On March 1, the leaders of Azerbaijan and Armenia accepted the proposal by the OSCE Minsk Group co-chairs to meet under their auspices in the near future.
Sadikhov said that even despite that Pashinyan makes some whimsical statements, like “We agree to negotiations not because we are discussing the Karabakh problem, but so far we are preparing for the negotiation process” and so on, all these words are far from the real picture.
“Pashinyan understands that Armenia and Azerbaijan are the main players, because they are parties to the conflict, and the resolution of the whole complex of issues related to this problem depends on them,” Sadikhov noted. “It is clear that all this time he has been saying that he won’t speak on behalf of the Nagorno-Karabakh, and, in practice, he doesn’t do it. I think Pashinyan realizes that Armenia’s well-being, its way out of isolation and its further existence depend on their concessions and the final settlement the conflict, the liberation of Azerbaijani lands, but apparently, so far he isn’t confident enough. He looks back at those who subject him to sharp criticism and periodically demand a report from him on the negotiations with Azerbaijan.”
Sadikhov added that Pashinyan understands the destructiveness of the situation in which Armenia found itself.
“I suppose that the current Armenian leadership should ultimately realize that their future is connected with the final settlement of the conflict and the withdrawal of Armenian troops from the occupied territories,” he said. “In my opinion, this is the main condition of the negotiation process at this stage when it comes to the Madrid Principles, which imply a phased settlement, which means initially liberation of the occupied territories around Nagorno-Karabakh, and then negotiations on the Nagorno-Karabakh.”
The former diplomat believes that Azerbaijan should exert political, diplomatic and even military pressure on Pashinyan.
The Co-Chairs of the OSCE Minsk Group (Igor Popov of the Russian Federation, Stephane Visconti of France, and Andrew Schofer of the US) met with Armenian Prime Minister Nikol Pashinyan in Yerevan Feb. 20 and Azerbaijani President Ilham Aliyev in Baku Feb. 21 to discuss preparations for a meeting of the leaders in the near future, including possible topics for discussion.
Following their visit to the region, the Co-Chairs and the Personal Representative of the OSCE Chairperson-in-Office travelled to Vienna and Bratislava from Feb. 28 to March 1 to brief the Permanent Representatives of the OSCE Minsk Group countries, OSCE Secretary General Thomas Greminger, and OSCE Chairperson-in-Office Slovak Foreign Minister Miroslav Lajcak, according to the statement.
The conflict between the two South Caucasus countries began in 1988 when Armenia made territorial claims against Azerbaijan.

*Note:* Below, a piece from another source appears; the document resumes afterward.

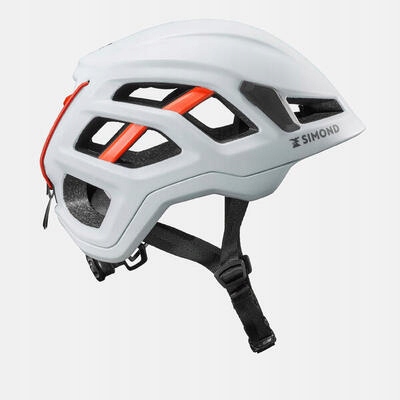 Kask wspinaczkowy i alpinistyczny Edge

As a result of the ensuing war, in 1992 Armenian armed forces occupied 20 per cent of Azerbaijan, including the Nagorno-Karabakh region and seven surrounding districts.
The 1994 ceasefire agreement was followed by peace negotiations. Armenia has not yet implemented four UN Security Council resolutions on withdrawal of its armed forces from Nagorno-Karabakh and the surrounding districts.